Dataset extract: Begin

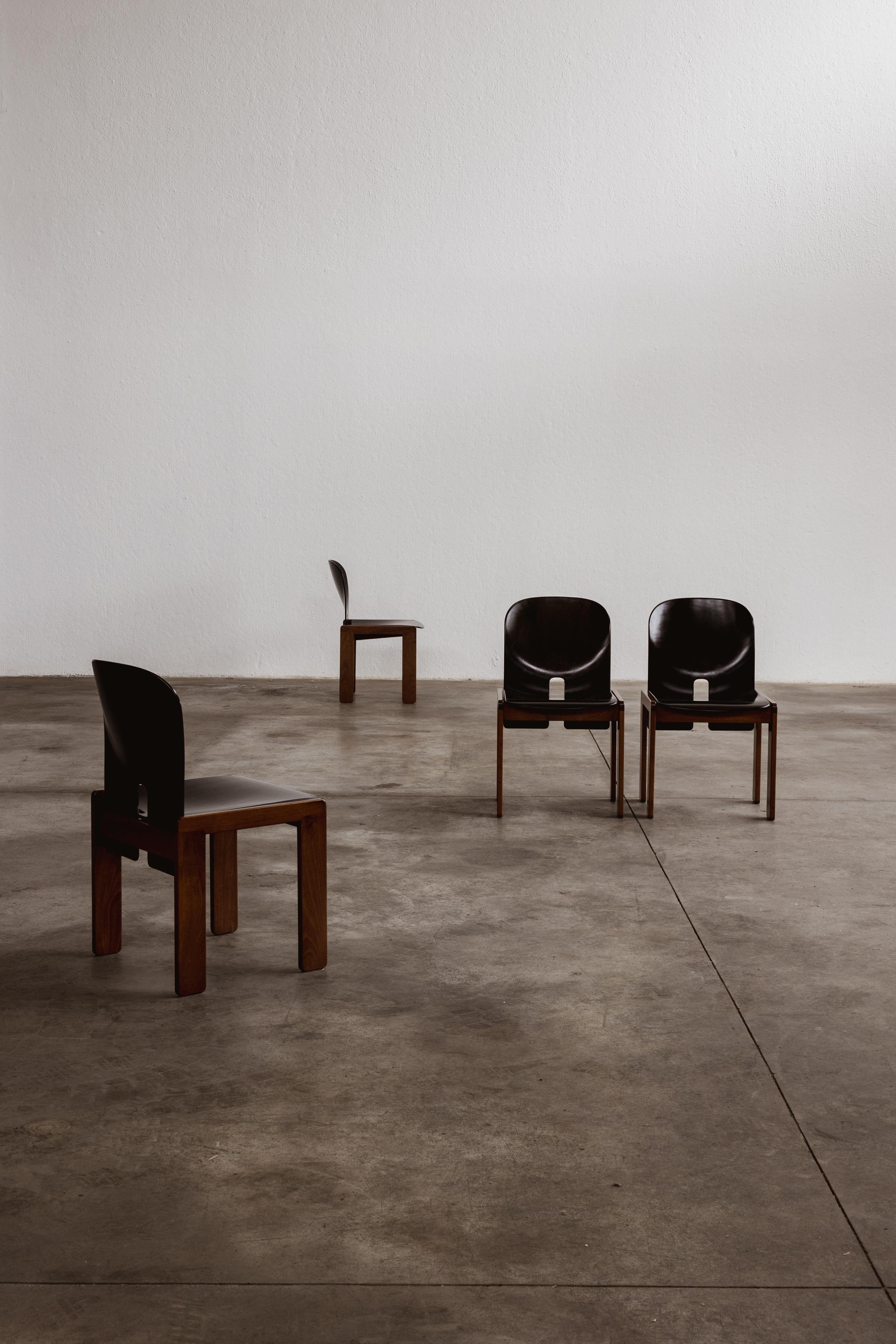 Afra & Tobia Scarpa Sillas 
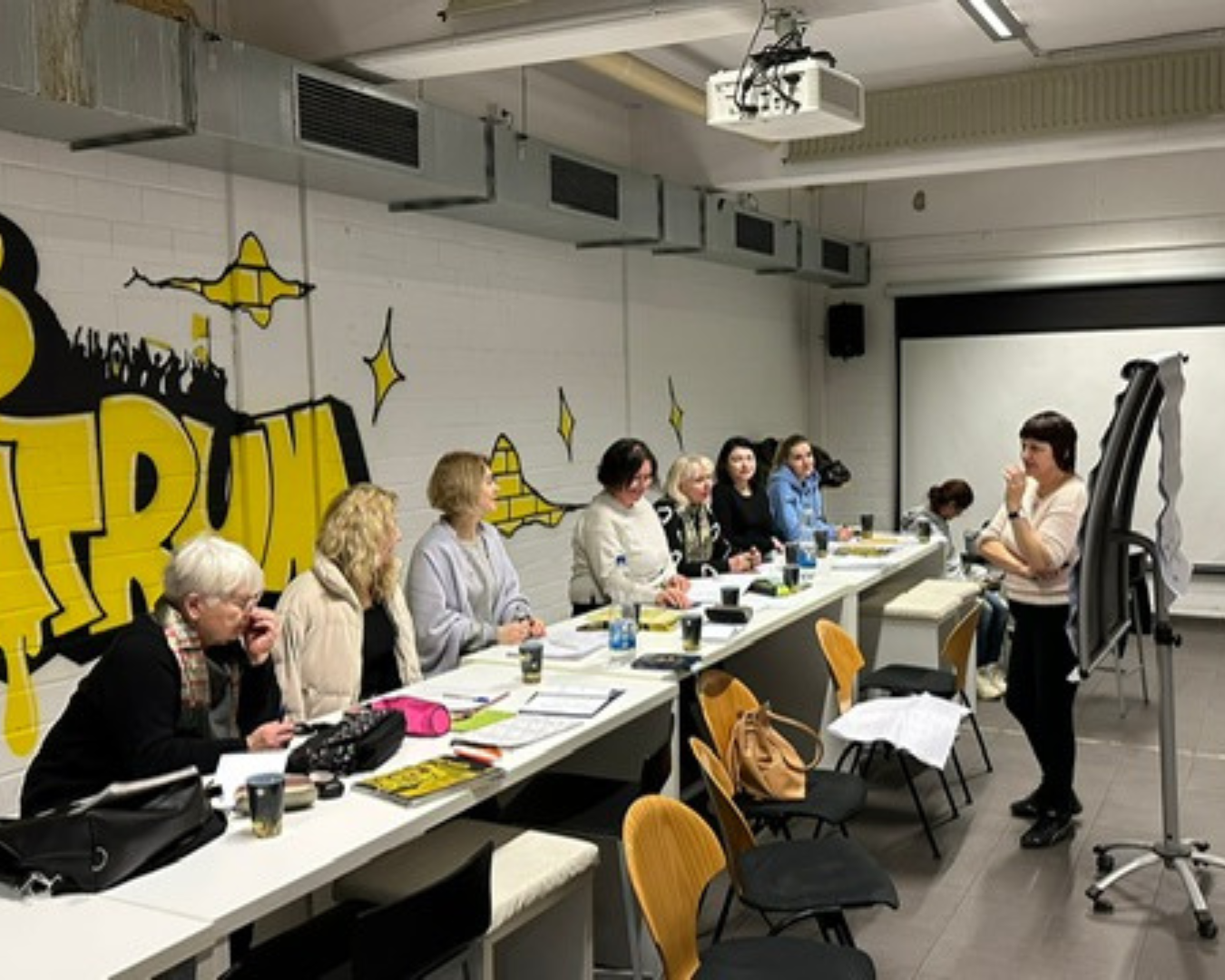 Nataliya Puchkarova gibt Sprachunterricht auf ukrainisch im BVB-Lernzentrum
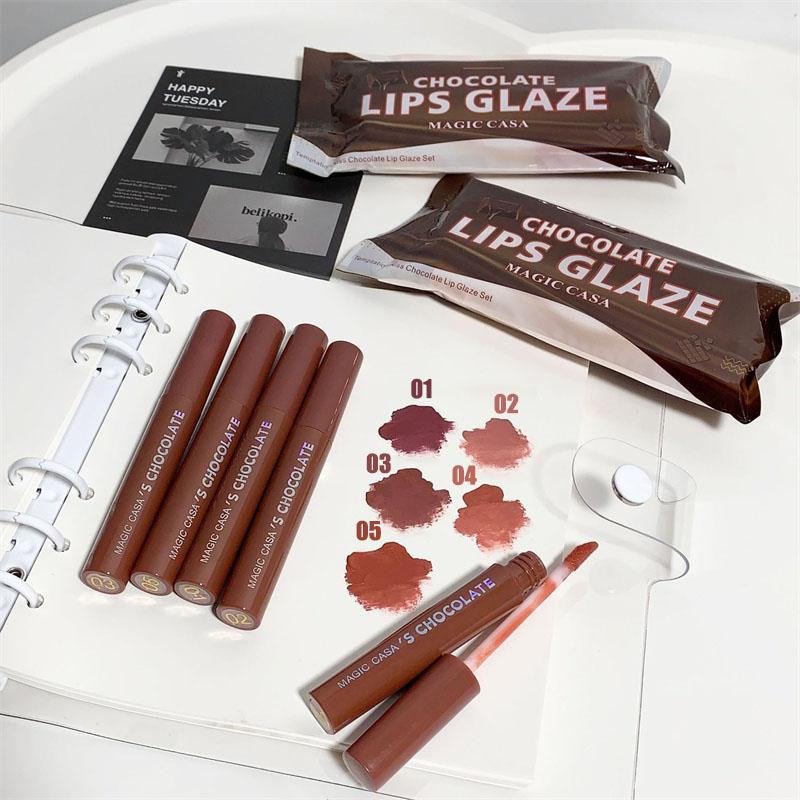 Set di cinque lucidalabbra color cioccolato Rossetto opaco opaco a lunga tenuta Adatto per studentesse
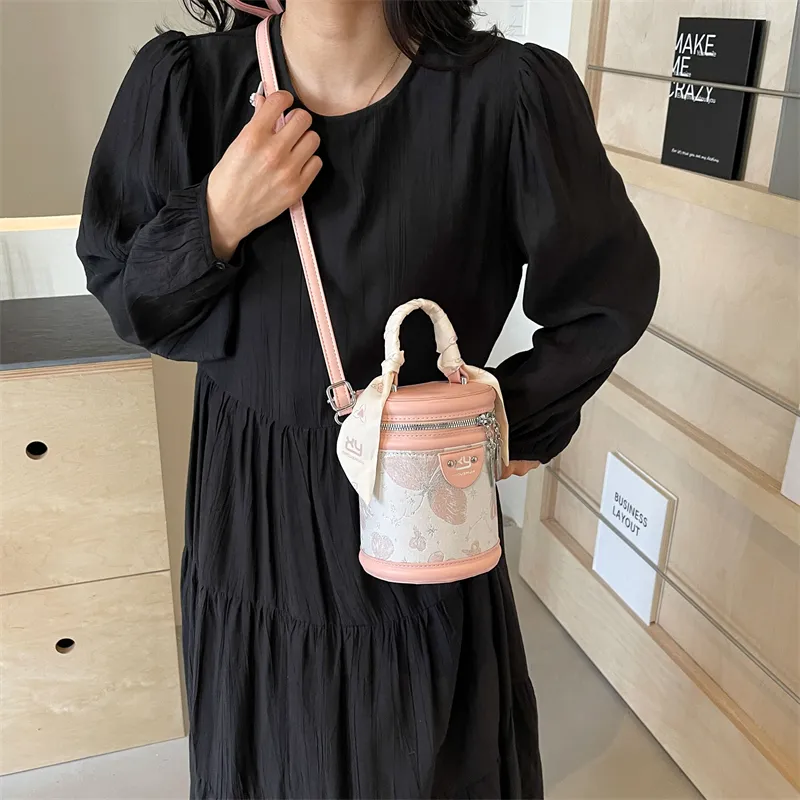 Iman's House PU Handbag Crossbody Bag Regular Women's White & Pink/Ecru/Silver/White/Pink-22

Dataset extract: End

■ **Exercise aim**: Here the job is to print the data above exactly, except for any pictures.

■ **Response for this exercise**:
 Afra & Tobia Scarpa Sillas 
 Nataliya Puchkarova gibt Sprachunterricht auf ukrainisch im BVB-Lernzentrum
 Set di cinque lucidalabbra color cioccolato Rossetto opaco opaco a lunga tenuta Adatto per studentesse
 Iman's House PU Handbag Crossbody Bag Regular Women's White & Pink/Ecru/Silver/White/Pink-22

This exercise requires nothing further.